Many people tend to believe that jailbreak apps (not authorized by Apple) are not secure enough to use compared to the ones available in the Apple app store. If you are one of those, here's a surprising update for you - the popular, yet unauthorized, jailbreak apps have more respect for your privacy than those apps boasting Apple's approval, a recent study revealed.
Last week, Internet exploded after blogger Arun Thampi revealed in his blog post that iPhone app Path sends all information in users' address book to its servers as a plist upon registering for the service. Thampi's revelation simply authenticated the fact that Apple's extra-cautious approach to third-party apps isn't as protective as it appears to be.
Now, the aforementioned study, reported by Forbes, has brought even more pain to the App Store apps saying applications on the Cydia store for jailbroken iOS devices are less likely to leak users' private data than the Apple-approved apps.
The study (PDF here) by a research team at the University of California and the International Security Systems Lab was conducted to analyze how and where iPhone apps transmit users' private data. At the end of their study, researchers ended up with two shockers:-
- One in five free App Store applications purposely uploads private data back to the developers that could potentially identify users and allow profiles to be built of their activities.
- Jailbreak apps in Cydia store tend to leak private data far less frequently than Apple's approved apps.
The researchers built a tool called PiOS that can analyze iOS apps for private data leaks. The tool was run on 1,407 free apps - 825 apps from the App Store using the website App Tracker, and 526 apps from Cydia's repository the BigBoss.
A table from the study shows how frequently authorized App Store and unauthorized Cydia iOS apps leak private information. Credit: UCSB
The findings showed that out of the 825 free App Store applications tested, 170 apps (21 percent) uploaded the user's Unique Device Identifier (UDID), a series of user-specific digits that can be tracked between apps to assemble a profile of a specific person's behavior, 35 apps (4 percent) uploaded the device location via GPS and 4 apps (0.5 percent) uploaded the user's address book.
When it came to unauthorized Cydia apps, only 25 apps (4 percent) tested leaking the UDID identifier, with only one application tracking the user's location and address book data. The one application, which tracked location, was actually called MobileSpy, specially designed to do just that.
According to a Redmond Pie report, one possible reason for jailbreak apps outshining official app store apps over security concerns is that people who create software for jailbroken devices are more in tune and conscious of app security concerns.
The jailbreak creators have to overcome Apple's own security to actually perform a jailbreak so therefore it is logical to accept that they will have an in-depth knowledge of this, the report stated.
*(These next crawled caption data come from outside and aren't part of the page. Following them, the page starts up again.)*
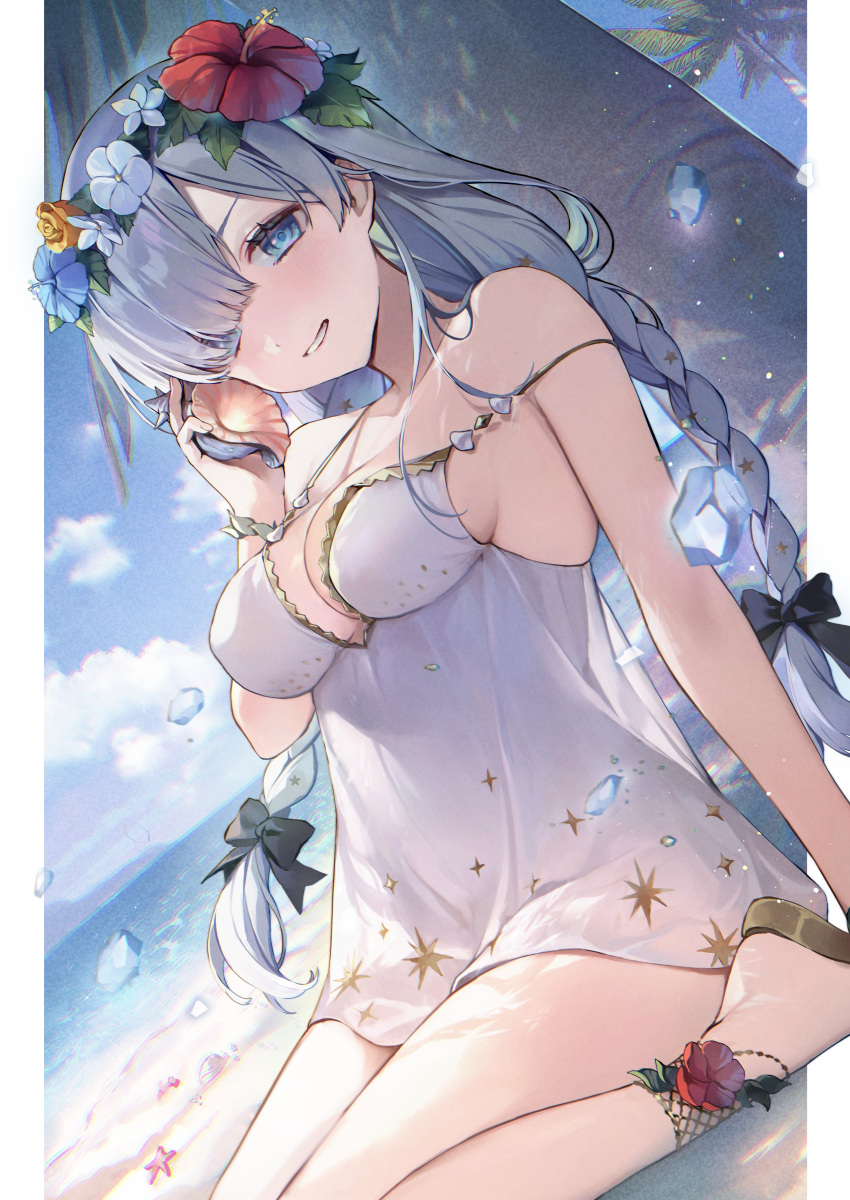 1girl absurdres anastasia_(fate) anastasia_(swimsuit_archer)_(fate) anastasia_(swimsuit_archer)_(second_ascension)_(fate) bare_shoulders beach blue_eyes blue_sky blush bow braid breasts cleavage collarbone dress dress_swimsuit fate/grand_order fate_(series) flower_wreath grin hair_bow hair_over_one_eye head_wreath highres large_breasts long_hair looking_at_viewer palm_tree revision sandals seashell shell shore sitting sky smile solo thighs tree twin_braids very_long_hair vivi_(eve_no_hakoniwa) wariza white_dress white_hair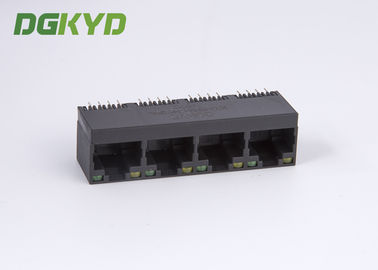 180 Degree 1X4 multiple port RJ45 Connectors vertical entry 4 Port ethernet jack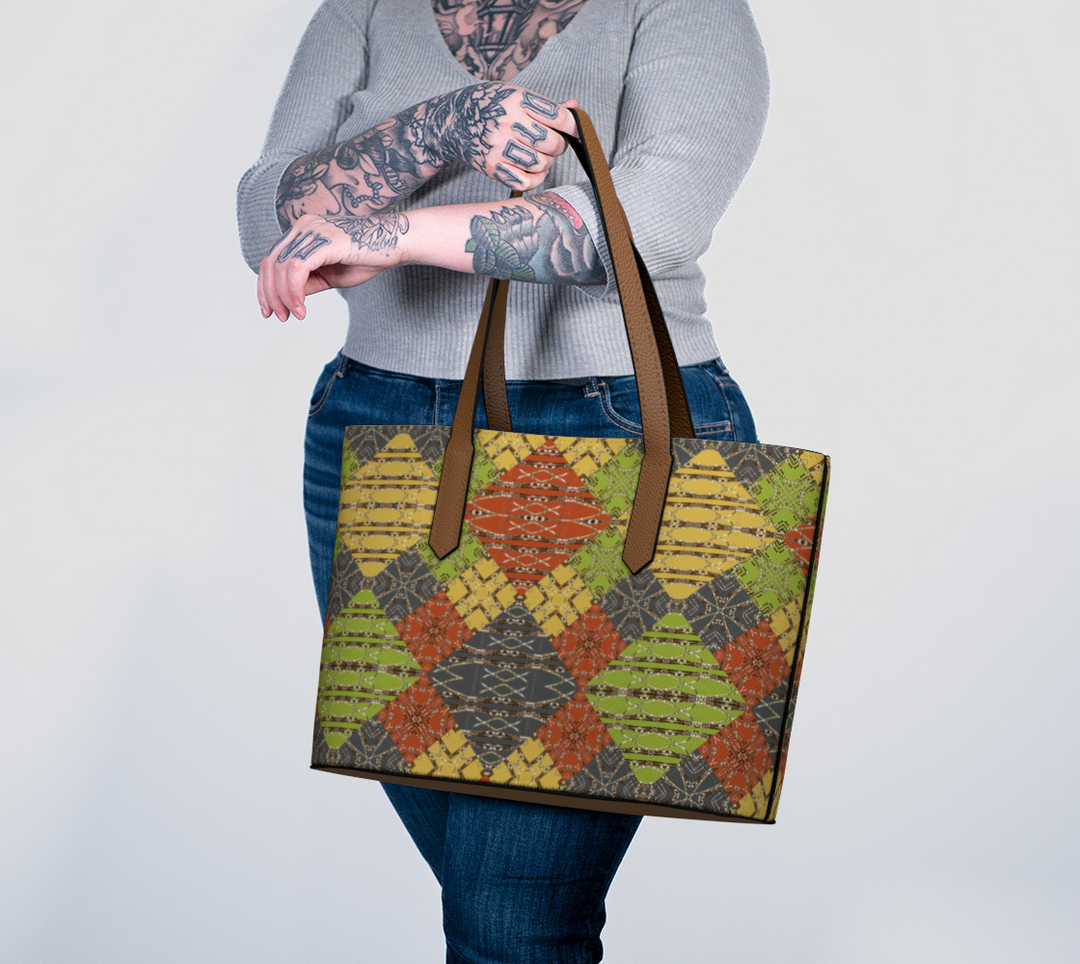 Lichen Log Medallion Vegan Leather Tote Bag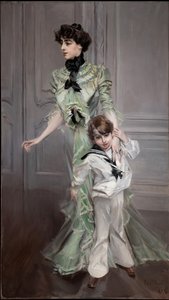 Porträt der Frau Hugo und ihres Sohnes, 1898 von Giovanni Boldini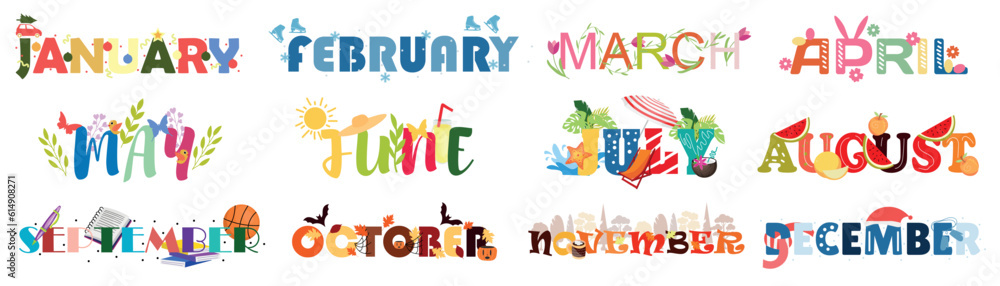 Names of different months of the year on white background - obrazy, fototapety, plakaty 
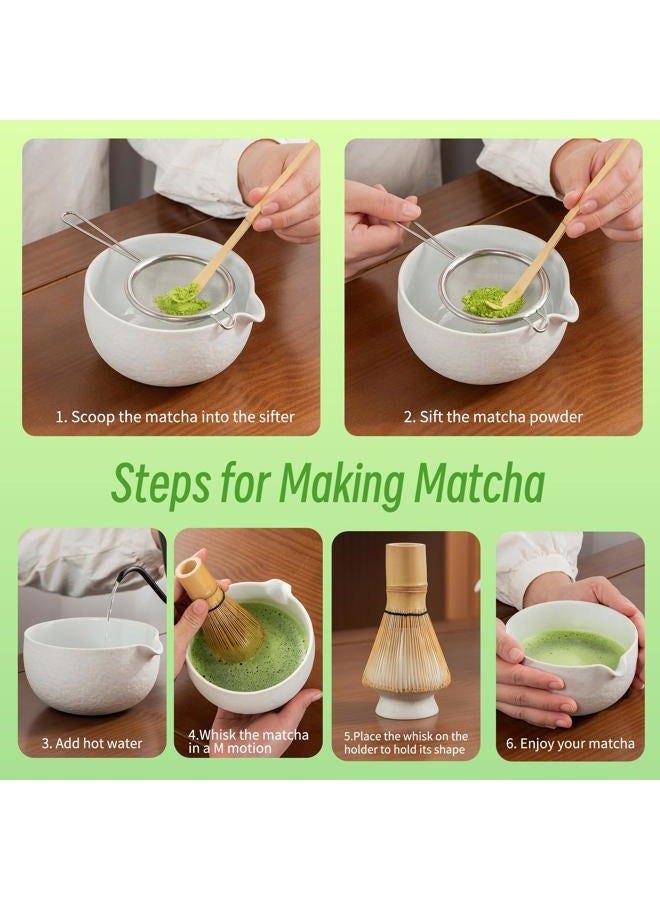 TEANAGOO Matcha Whisk,7 Pcs Matcha Set Lt.Grey,Matcha Kit for Ceremony,Matcha Tea Set for Making Breakfast/Latte,Matcha Whisk Set and Bowl with All Accessories,Gift for Matcha Lover/Friend/Family - Image 4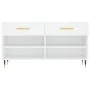 White engineered wood shoe bench 102x35x55 cm by vidaXL, Shoe racks and shoe organizers - Ref: Foro24-829716, Price: 56,46 €,...
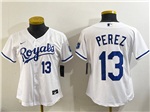 Kansas City Royals #13 Salvador Perez Women's White Limited Jersey
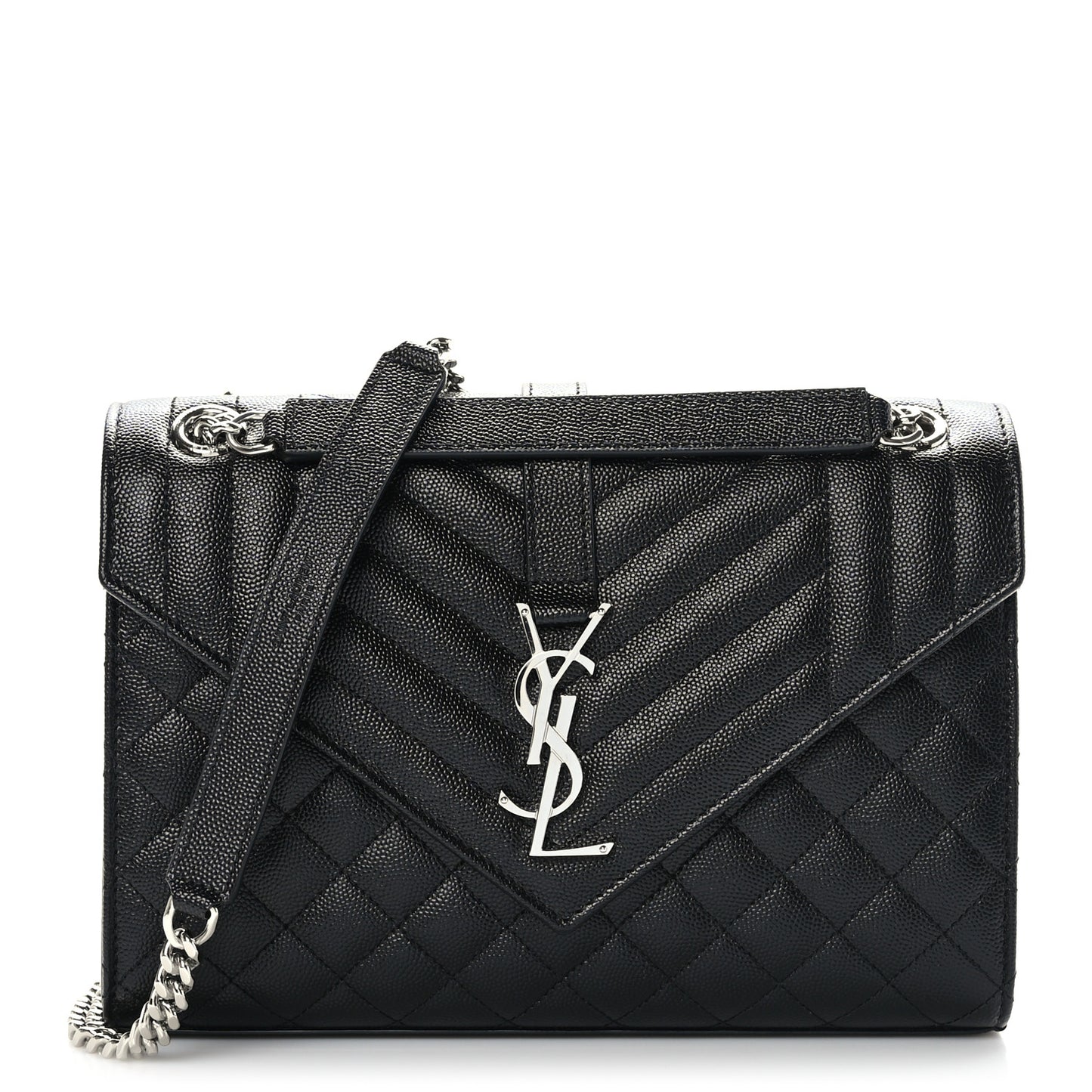 Grain De Poudre Textured Mixed Matelasse Triquilt Medium Monogram Satchel Black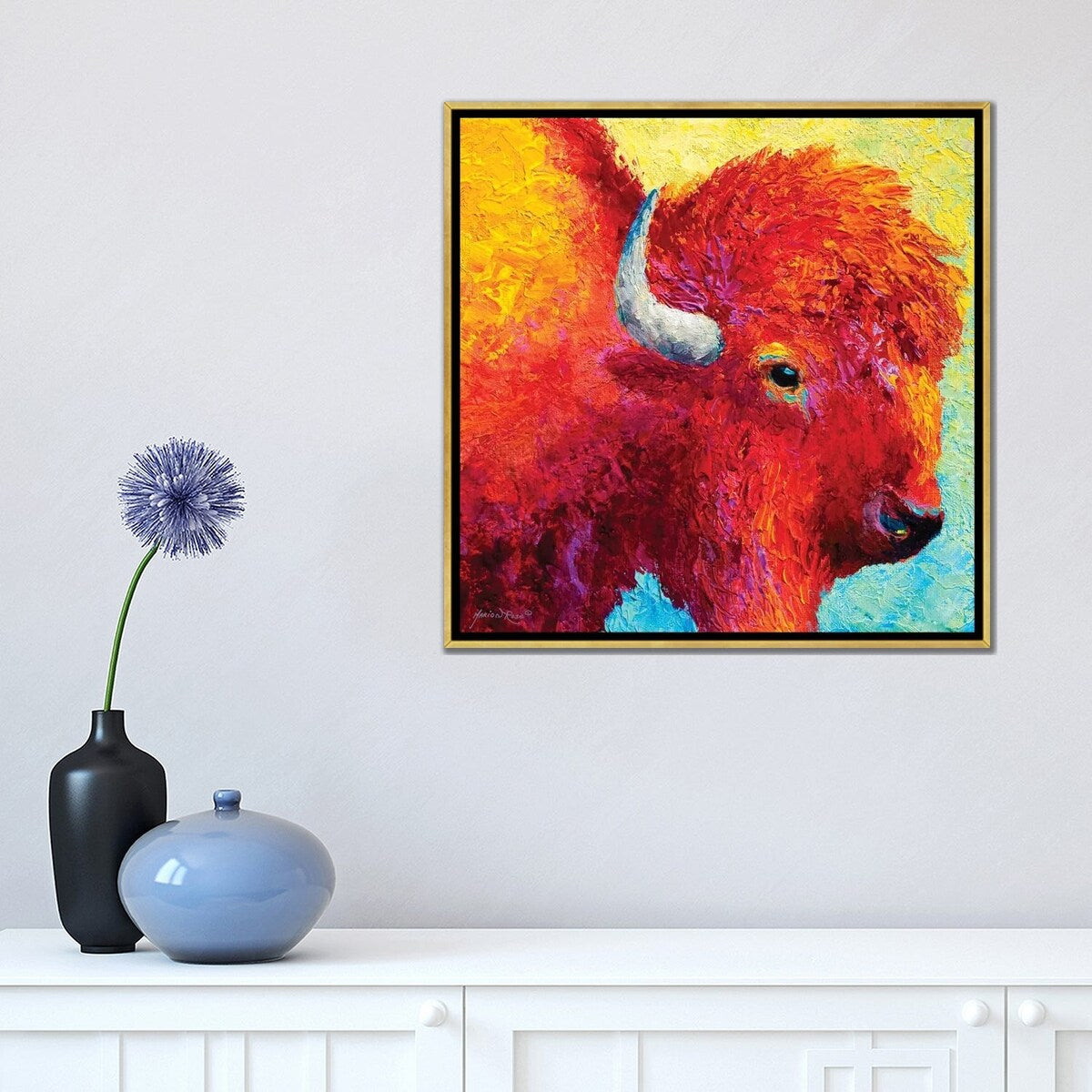 iCanvas "Bison Head IV" by Marion Rose Framed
Cydia's creator Jay Freeman even said that there are numerous applications available via the app directory for jailbroken devices that actually give users privacy and security features they wouldn't otherwise have. Freeman himself developed an app called PrivaCy that offers a toggle switch that allows users to control whether any particular app can upload usage statistics to a remote server.
Forbes quoted Freeman as saying:
If you care about this kind of thing, you should jailbreak your phone, says Freeman. Instead of Apple making decisions about what's good and bad, you decide. People think jailbreaking is about deciding that things Apple doesn't like are good. But it also allows you to decide that things Apple likes are bad. We provide you the tools to block the functionality you don't believe apps should have on your phone.